International Motor Sports Association (IMSA) president John Doonan confirmed the race was a part of the 2025 IMSA SportsCar Championship (IMSA SCC) in March 2024. It was the twelfth consecutive year the IMSA SCC hosted the race at Road Atlanta. The 2025 Petit Le Mans was the final of eleven scheduled sports car races of 2025 by IMSA, and was held at the twelve-turn 2.540 mi Road Atlanta on October 12, 2025.
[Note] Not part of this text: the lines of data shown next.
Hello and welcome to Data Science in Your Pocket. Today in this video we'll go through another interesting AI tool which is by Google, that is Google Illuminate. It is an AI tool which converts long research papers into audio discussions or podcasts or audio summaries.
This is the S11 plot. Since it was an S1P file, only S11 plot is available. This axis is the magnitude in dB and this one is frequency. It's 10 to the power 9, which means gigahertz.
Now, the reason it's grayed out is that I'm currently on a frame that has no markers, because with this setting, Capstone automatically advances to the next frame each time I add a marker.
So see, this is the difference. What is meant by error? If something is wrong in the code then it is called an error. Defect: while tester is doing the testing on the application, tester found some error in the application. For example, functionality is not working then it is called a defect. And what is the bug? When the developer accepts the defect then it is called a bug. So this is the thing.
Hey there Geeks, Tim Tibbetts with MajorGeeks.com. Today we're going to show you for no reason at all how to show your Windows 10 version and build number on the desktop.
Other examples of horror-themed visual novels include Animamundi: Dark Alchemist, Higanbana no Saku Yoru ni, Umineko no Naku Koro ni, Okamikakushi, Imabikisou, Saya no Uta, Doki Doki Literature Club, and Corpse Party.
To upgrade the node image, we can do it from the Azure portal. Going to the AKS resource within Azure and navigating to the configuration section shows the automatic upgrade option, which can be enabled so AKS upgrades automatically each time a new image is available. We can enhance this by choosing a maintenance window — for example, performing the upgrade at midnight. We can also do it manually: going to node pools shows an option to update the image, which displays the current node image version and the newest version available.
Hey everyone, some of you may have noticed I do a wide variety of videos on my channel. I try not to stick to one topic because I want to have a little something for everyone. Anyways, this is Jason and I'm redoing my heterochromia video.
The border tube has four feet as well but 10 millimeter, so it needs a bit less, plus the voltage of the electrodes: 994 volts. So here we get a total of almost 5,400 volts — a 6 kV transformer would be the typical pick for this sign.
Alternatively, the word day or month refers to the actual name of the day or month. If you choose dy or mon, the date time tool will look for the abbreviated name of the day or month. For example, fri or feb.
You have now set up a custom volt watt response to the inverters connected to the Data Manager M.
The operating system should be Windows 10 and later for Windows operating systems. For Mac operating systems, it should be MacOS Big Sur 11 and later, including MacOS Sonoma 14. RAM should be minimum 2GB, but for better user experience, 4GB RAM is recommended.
=== Standings before race ===
Preceding the event, Matt Campbell and Mathieu Jaminet led the GTP Drivers' Championship with 2582 points, 131 ahead of Porsche teammates Felipe Nasr and Nick Tandy. Dries Vanthoor and Philipp Eng sat in third, 145 points behind Campbell and Jaminet. The LMP2 Drivers' Championship was led by Dane Cameron and PJ Hyett with 1972 points, 85 points ahead of second-placed Daniel Goldburg. Felipe Fraga and Gar Robinson sat in third, a further 181 points behind. The GTD Pro Drivers' Championship saw Antonio Garcia and Alexander Sims leading with 2942 points, 18 points ahead of second-placed Albert Costa. Mike Rockenfeller and Sebastian Priaulx sat in third, 169 points behind Garcia and Sims. In GTD, Philip Ellis and Russell Ward led the Drivers' Championship with 25817 points, 224 points ahead of second-placed Casper Stevenson. Kenton Koch sat in third place, a further 29 points behind. The Teams' Championships were led by Porsche Penske Motorsport, AO Racing, Corvette Racing by Pratt Miller Motorsports, and Winward Racing, respectively, whilst the Manufacturers' Championships were led by Porsche in GTP, Chevrolet in GTD Pro, and Mercedes-AMG in GTD.

== Qualifying ==
Friday's afternoon qualifying was broken into four sessions, with one session for the GTP, LMP2, GTD Pro, and GTD classes each. The rules dictated that all teams nominated a driver to qualify their cars, with the Pro-Am LMP2 class requiring a Bronze rated driver to qualify the car. The competitors' fastest lap times determined the starting order. The competitors' fastest lap times determined the starting order. IMSA then arranged the grid to put GTPs ahead of the LMP2, GTD Pro, and GTD cars.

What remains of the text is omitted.